**Excerpted records:**
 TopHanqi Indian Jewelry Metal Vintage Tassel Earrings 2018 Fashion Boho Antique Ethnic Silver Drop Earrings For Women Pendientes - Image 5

==

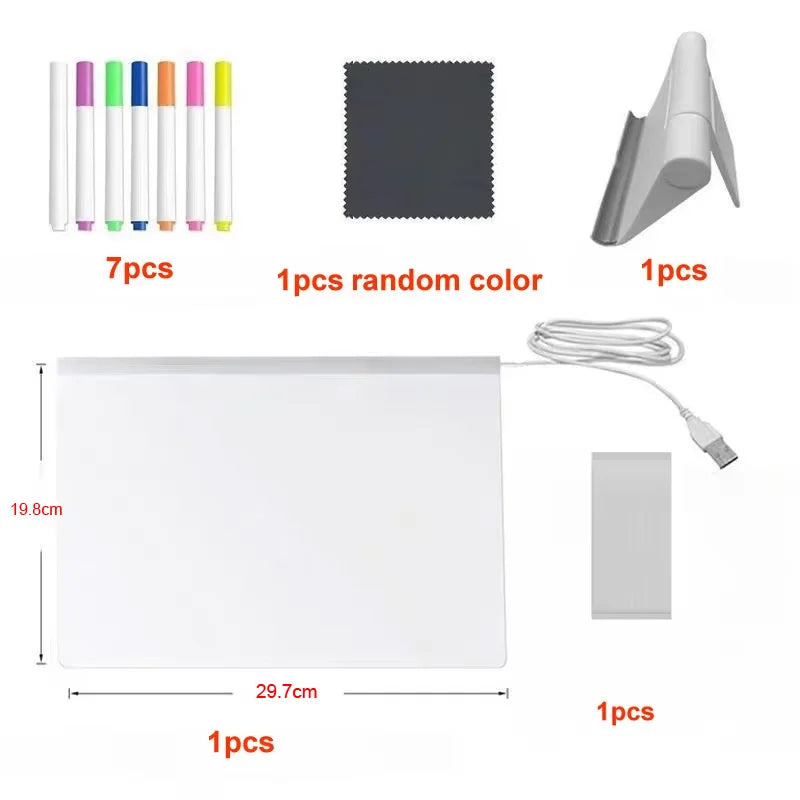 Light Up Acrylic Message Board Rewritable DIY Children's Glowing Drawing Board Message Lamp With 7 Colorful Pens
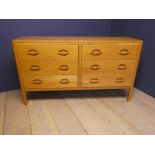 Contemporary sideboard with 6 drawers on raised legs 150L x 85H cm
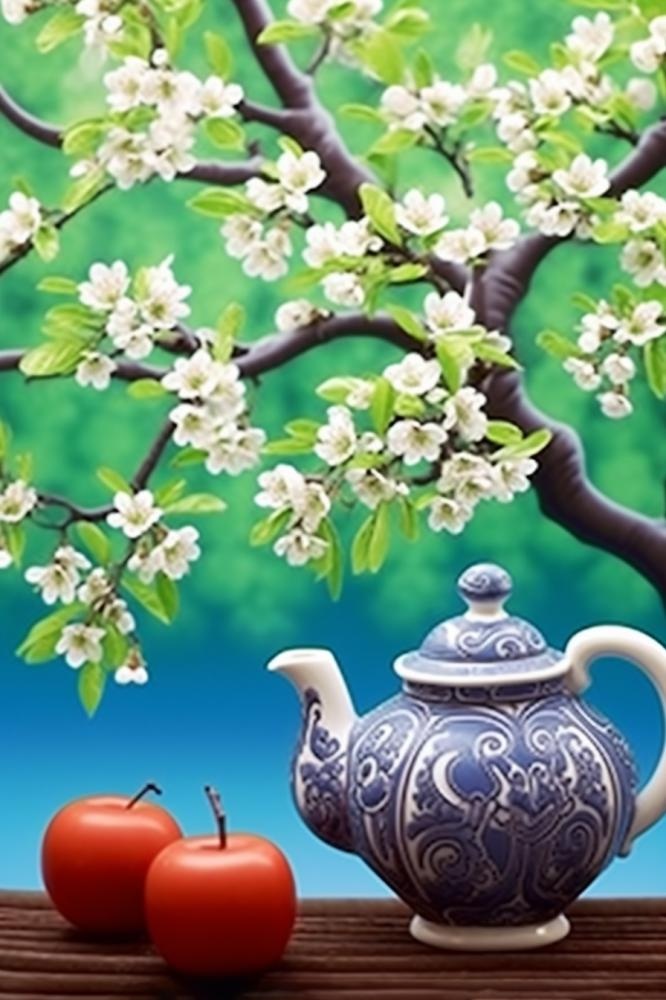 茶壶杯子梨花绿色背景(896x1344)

**What the task asks:** Copy only the lines above from the one containing "Contemporary sideboard with" through the one containing "茶壶杯子梨花绿色背景(896x1344)", both included. Leave out the pictures.

**Answer to this task:**
 Contemporary sideboard with 6 drawers on raised legs 150L x 85H cm
 茶壶杯子梨花绿色背景(896x1344)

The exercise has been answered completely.